• [Data extract]
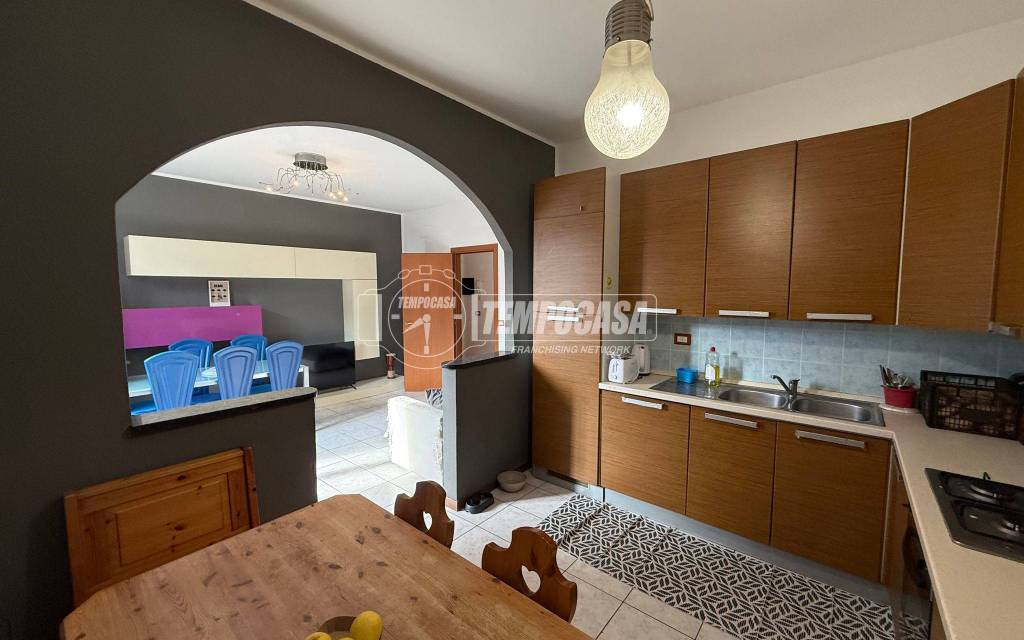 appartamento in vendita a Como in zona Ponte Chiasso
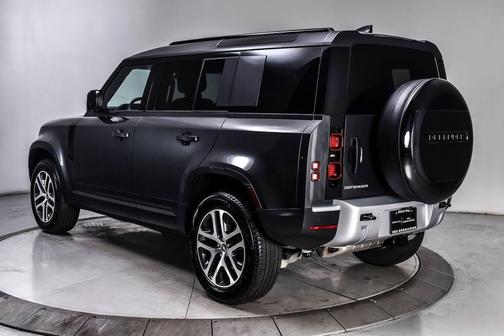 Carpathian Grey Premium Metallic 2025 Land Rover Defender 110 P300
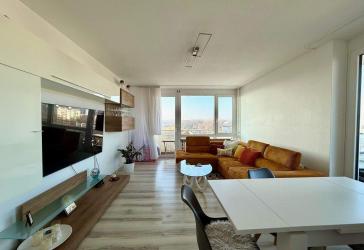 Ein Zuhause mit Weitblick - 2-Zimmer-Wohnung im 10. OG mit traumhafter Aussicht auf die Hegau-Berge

• [Your assignment]
Ignoring the pictures, write out word for word the lines from the line containing "Carpathian Grey Premium" through the end of the material above.

• [Solution below]
 Carpathian Grey Premium Metallic 2025 Land Rover Defender 110 P300
 Ein Zuhause mit Weitblick - 2-Zimmer-Wohnung im 10. OG mit traumhafter Aussicht auf die Hegau-Berge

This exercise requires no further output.